Kubernetes Disaster Recovery for Enterprise

💡 Quick Answer: Enterprise DR combines etcd snapshots (cluster state), Velero backups (workloads + PVs), cross-region replication, and automated failover. Define RTO/RPO targets per workload tier, then implement matching backup frequency and recovery procedures.

The Problem

Enterprise Kubernetes clusters run business-critical workloads where downtime means revenue loss, SLA violations, or regulatory penalties.

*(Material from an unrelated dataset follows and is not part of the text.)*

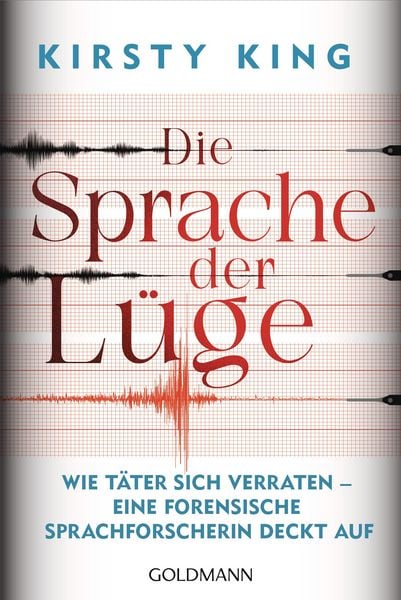Produktbild: Die Sprache der L&uuml;ge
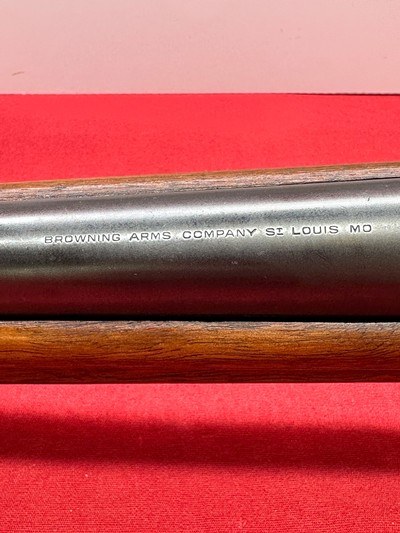 Belgium Browning Auto 5 16ga Semi Auto - Image 22 of 23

You need a disaster recovery strategy that covers cluster-level failures (etcd corruption, control plane loss), application-level failures (accidental deletion, data corruption), and site-level failures (datacenter outage).

flowchart TB
    subgraph Primary["Primary Region (Active)"]
        CP1["Control Plane"] --> ETCD1["etcd"]
        CP1 --> W1["Worker Nodes"]
        W1 --> PV1["Persistent Volumes"]
    end
    subgraph DR["DR Region (Standby)"]
        CP2["Control Plane"] --> ETCD2["etcd (restored)"]
        CP2 --> W2["Worker Nodes"]
        W2 --> PV2["Persistent Volumes<br/>(replicated)"]
    end
    ETCD1 -->|"Scheduled snapshots<br/>every 1h"| S3["S3 Cross-Region<br/>Backup Storage"]
    PV1 -->|"Velero backup<br/>every 4h"| S3
    S3 -->|"Restore on failover"| CP2
    S3 -->|"Restore PVs"| PV2

The Solution

Define RTO/RPO by Workload Tier

Tier	RTO	RPO	Backup Freq	Examples
Tier 1 (Critical)	<15 min	<5 min	Continuous replication	Payment processing, auth services
Tier 2 (Important)	<1 hour	<1 hour	Every 1h	APIs, databases, inference endpoints
Tier 3 (Standard)	<4 hours	<4 hours	Every 4h	Internal tools, dashboards
Tier 4 (Low)	<24 hours	<24 hours	Daily	Dev/staging, batch jobs

etcd Backup Strategy

#!/bin/bash
# etcd-backup.sh — scheduled via CronJob
set -euo pipefail

BACKUP_DIR="/backup/etcd"
TIMESTAMP=$(date +%Y%m%d-%H%M%S)
S3_BUCKET="s3://k8s-dr-backups/etcd"

# Create snapshot
ETCDCTL_API=3 etcdctl snapshot save "${BACKUP_DIR}/snapshot-${TIMESTAMP}.db" \
  --endpoints=https://127.0.0.1:2379 \
  --cacert=/etc/kubernetes/pki/etcd/ca.crt \
  --cert=/etc/kubernetes/pki/etcd/server.crt \
  --key=/etc/kubernetes/pki/etcd/server.key

# Verify snapshot
ETCDCTL_API=3 etcdctl snapshot status "${BACKUP_DIR}/snapshot-${TIMESTAMP}.db" --write-out=table

# Upload to cross-region S3
aws s3 cp "${BACKUP_DIR}/snapshot-${TIMESTAMP}.db" \
  "${S3_BUCKET}/snapshot-${TIMESTAMP}.db" \
  --storage-class STANDARD_IA

# Retain last 48 hourly snapshots
find "${BACKUP_DIR}" -name "snapshot-*.db" -mtime +2 -delete

echo "etcd backup completed: snapshot-${TIMESTAMP}.db"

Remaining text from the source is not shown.